Personal information
- Full name: Barry Connolly
- Born: 30 August 1938
- Died: 6 May 2011 (aged 72)
- Original team: Benalla
- Height: 173 cm (5 ft 8 in)
- Weight: 79 kg (174 lb)

Playing career^{1}
- Years: Club / Games (Goals)
- 1958: Footscray / 13 (20)
- ^{1} Playing statistics correct to the end of 1958.

= Barry Connolly =

Australian rules footballer, coach, and executive

Barry Connolly (30 August 1938 – 6 May 2011) was an Australian rules footballer who played with Footscray in the Victorian Football League (VFL).

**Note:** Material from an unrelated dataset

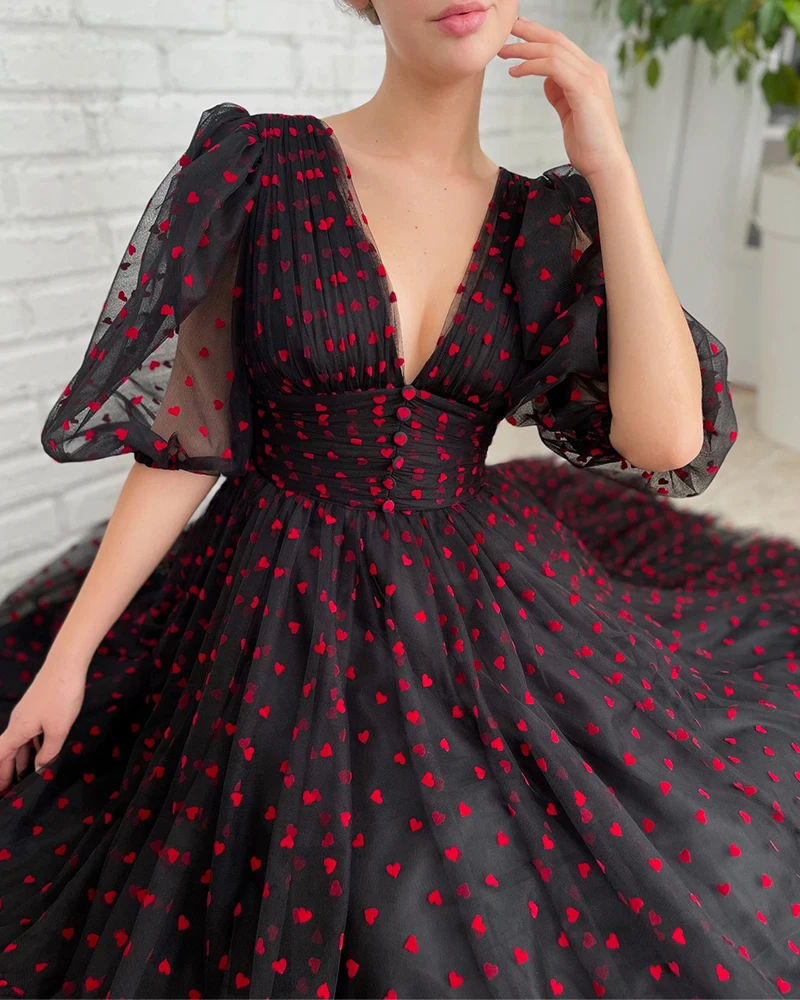 

Black Heart Tulle Prom Dresses Women 2022 V-Neck Half Puff Sleeves Ruched Wedding Party Big Swing Dress Long A-Line Prom Gowns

Recruited from Benalla, where he initially played in the Benalla Junior Football League with the Rockets, who won the 1953 BJFL premiership. Connolly won the BJFL goal kicking with 48 goals in 1953, then played with Benalla in 1954, and making his senior O&MFL debut in June 1954, then coming second in the 1954 Reserves best and fairest award to John Connolly. Connolly polled seven votes in the 1954 O&MFL Reserves best and fairest award, the Marks Medal to finish equal third. Connolly then played in Benalla's 1955 O&MFL Reserves premiership team, as a 17 year old, prior to being a regular Ovens & Murray Football League senior player in 1956 and 1957.

A centreman, Connolly impressed the Bulldogs during the 1958 pre-season and spent the 1958 VFL season at Footscray and kicked three goals against Richmond on his debut. At the end of the year he returned to the country and went on to have a long career as a player, coach and administrator.

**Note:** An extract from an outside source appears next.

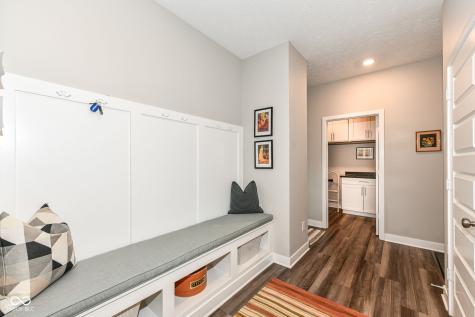 5173 Covington Avenue Mccordsville IN 46055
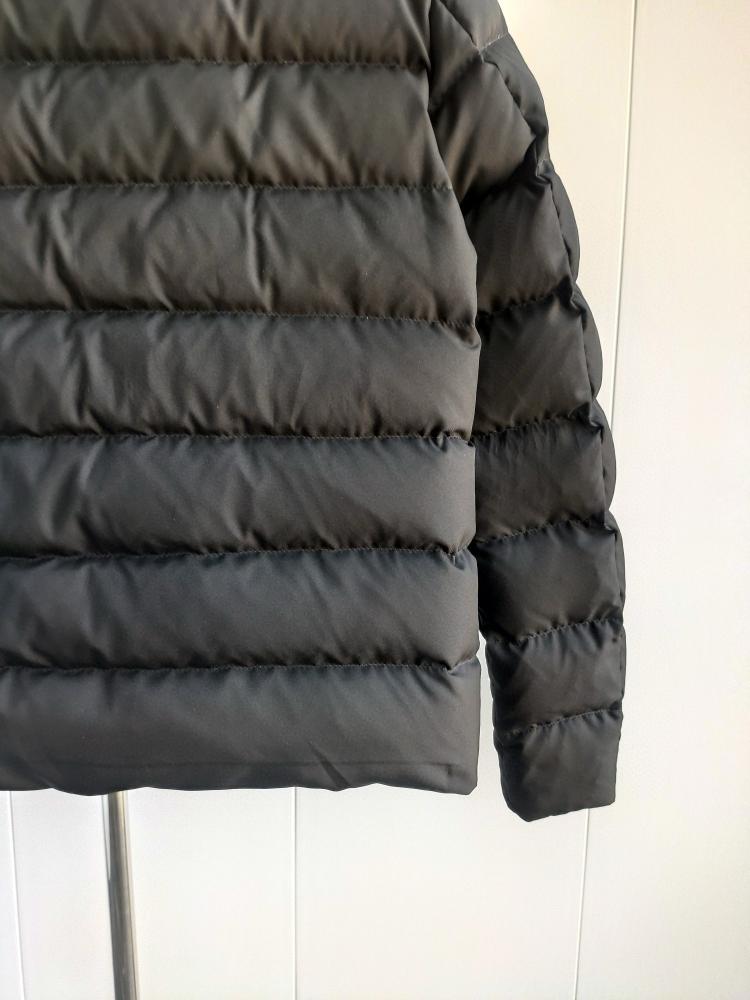 جاكيت Moncler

In 1965, he was seriously injured while working at a tin mine when a barrel of sulphuric acid exploded. He was burnt extensively and spent six weeks recovering in hospital. He was coach of the Ardlethan Football Club during this time.

Connolly coached Goulburn Valley Football League club Shepparton United in 1983 and 1984, then served as the league's president from 1985 to 2002.

==Family==
He and his wife Monica had four children, including former Fremantle coach Chris Connolly.